Task instructions:
Transcribe the entries below exactly, starting with the line that has "Halskette aus Titan/Stahl" and stopping after the line that has "Ribbed Removable Bra Crop Tank"; no pictures belong in the copy.

Data shown:
>>

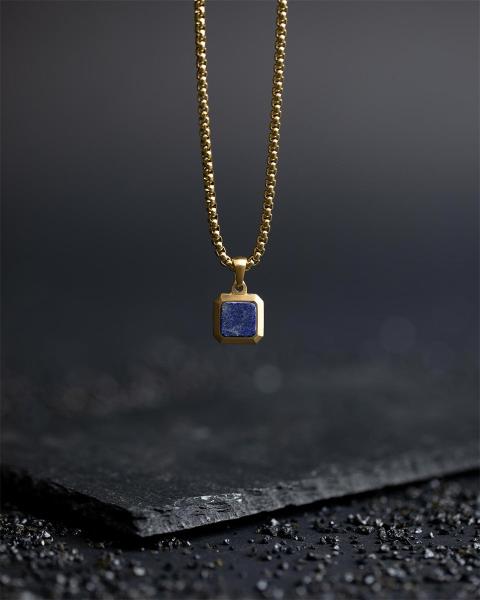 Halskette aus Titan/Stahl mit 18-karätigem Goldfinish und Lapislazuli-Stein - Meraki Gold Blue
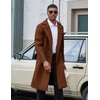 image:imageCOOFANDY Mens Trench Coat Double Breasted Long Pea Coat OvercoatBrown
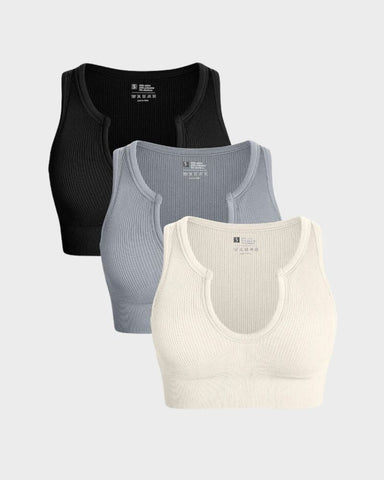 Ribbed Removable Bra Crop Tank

<<
>>

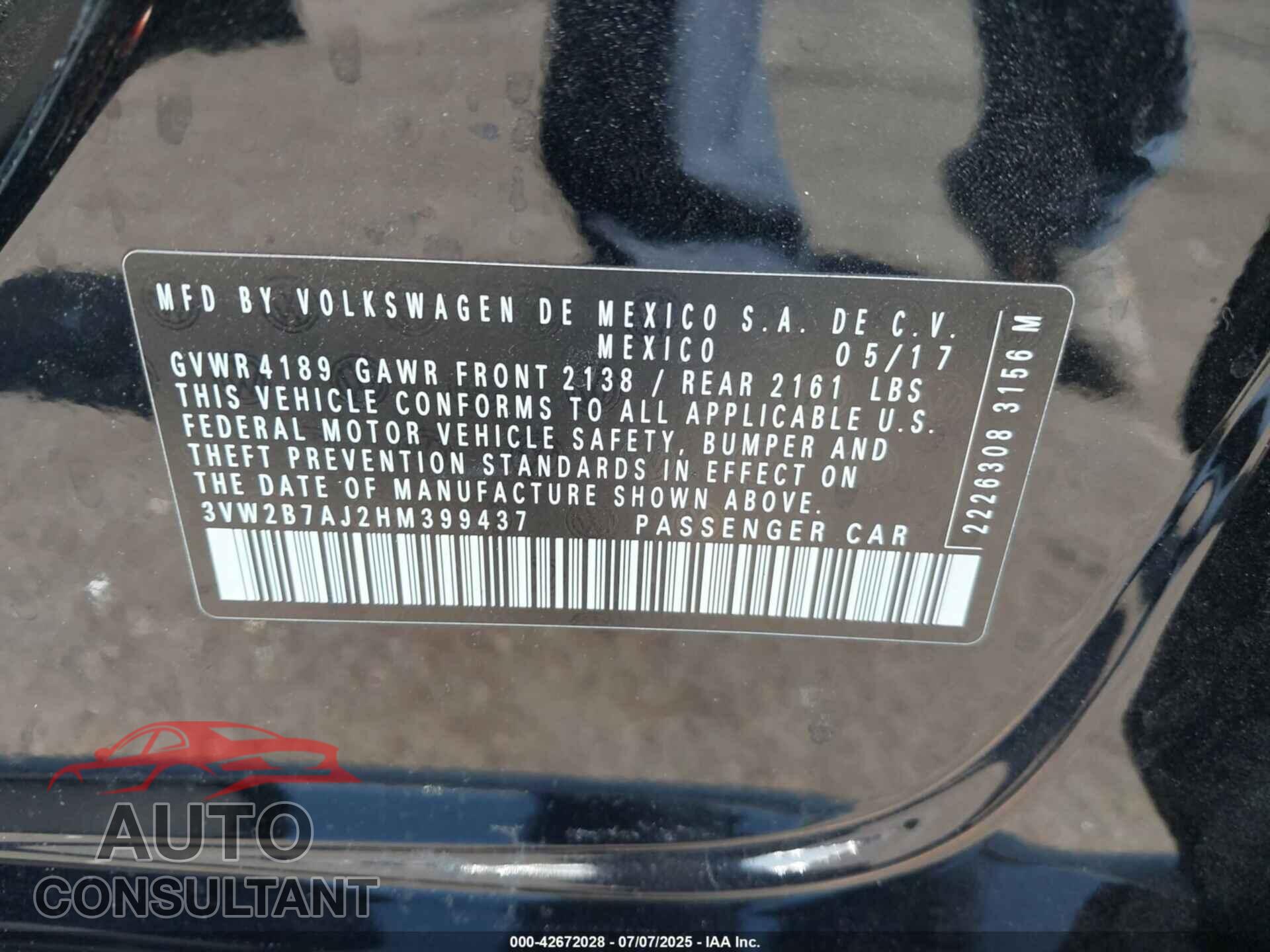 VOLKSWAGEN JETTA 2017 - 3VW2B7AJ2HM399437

<<

Output for this task:
 Halskette aus Titan/Stahl mit 18-karätigem Goldfinish und Lapislazuli-Stein - Meraki Gold Blue
 image:imageCOOFANDY Mens Trench Coat Double Breasted Long Pea Coat OvercoatBrown
 Ribbed Removable Bra Crop Tank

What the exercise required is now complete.